A little background’s necessary. I need you to see from my point of view or you may not recognize the value of the story. Put yourself in my place and you’ll understand, maybe, my prize is more than fool’s gold.
Except for one glorious year I spent on a ranch/farm as a nine-year-old, I grew up in a small city (31,000) with two universities. It was a wonderful time of innocence. We rode our bikes anywhere we pleased, even out-of-town to reach the best fishing holes. We shot BB and pellet guns in town. We spent evenings visiting on the porch with our neighbors the Phelps. We enjoyed the small-town-feel with the mental stimulation inherent in university life. I cherish the environment of my upbringing now, but at the time, I just wanted outdoors. I explain it like this to my friends. I grew up in the city with a “country” heart. (Please don’t interpret this to mean I must really like country music.)
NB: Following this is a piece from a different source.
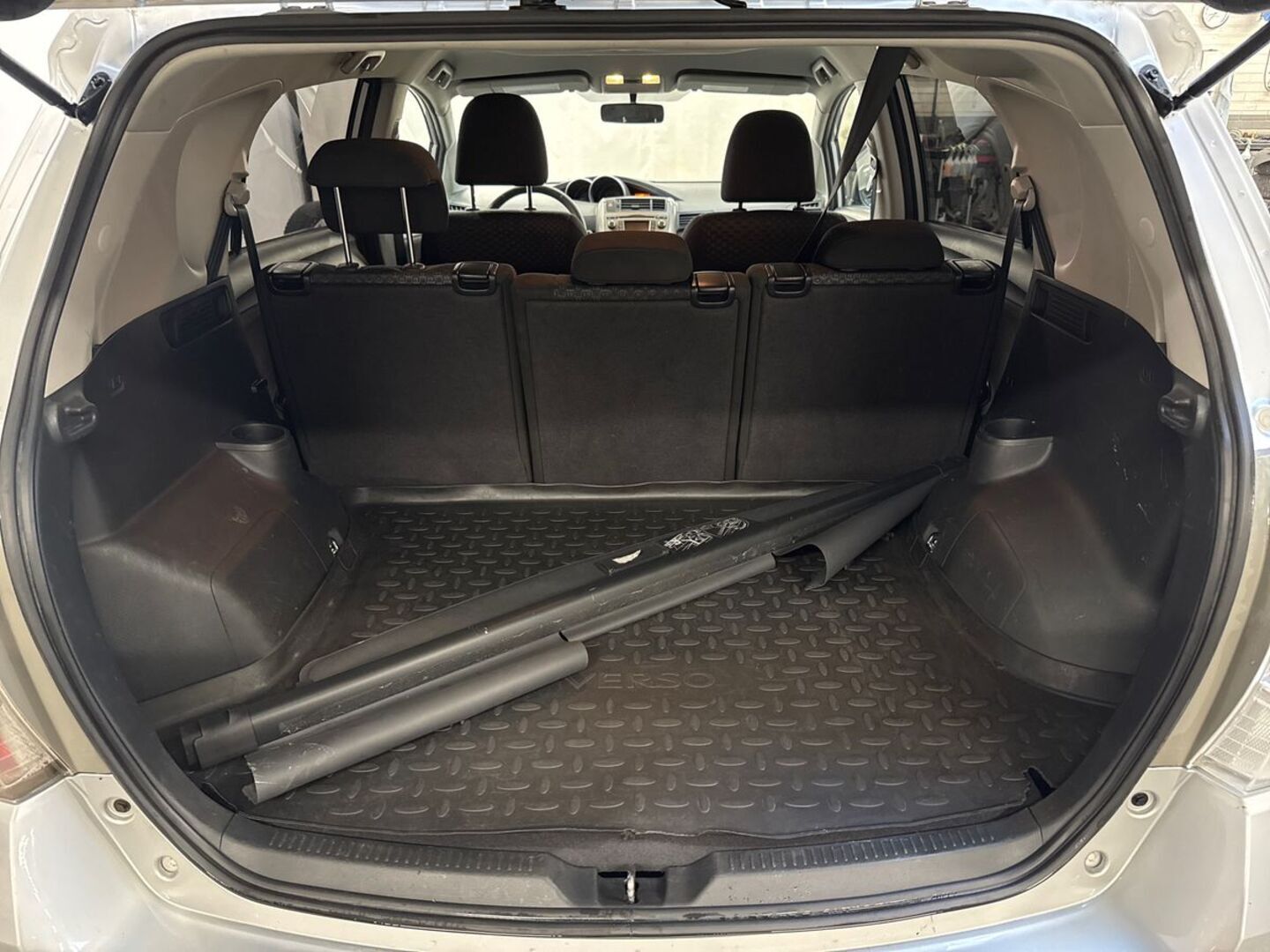TOYOTA Verso 2010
My Dad bought me my first four guns over a span of ten years. He taught me gun safety. He taught me how to shoot. He taught me how to clean and care for my guns. He took me shooting, only once. He never took me hunting. Dad was forty-six years old by my 10th birthday. I suspect he had seen all of the killing he could stand in the second World War. I hunted on my own and only small game until my early twenties when a friend introduced me to deer hunting in East Texas. While home for the holidays I began pestering Dad about his deer hunting experiences in the Texas hill country. That part of Texas is known for having herds of deer. I was asking for tips to improve my success. After a series of questions about which he was mostly non-responsive, he finally blurted out (which was his custom), “Son, I’ve never killed a legal deer in my life. I’ve never even hunted in the daytime for a deer.” (Apparently, “spotlighting” for deer was not something invented by East Texans.) Only my umpteenth interview with Mom would keep this incorrect “blurtation” from becoming part of our family lore without challenge and give us a wonderful new story about our mother.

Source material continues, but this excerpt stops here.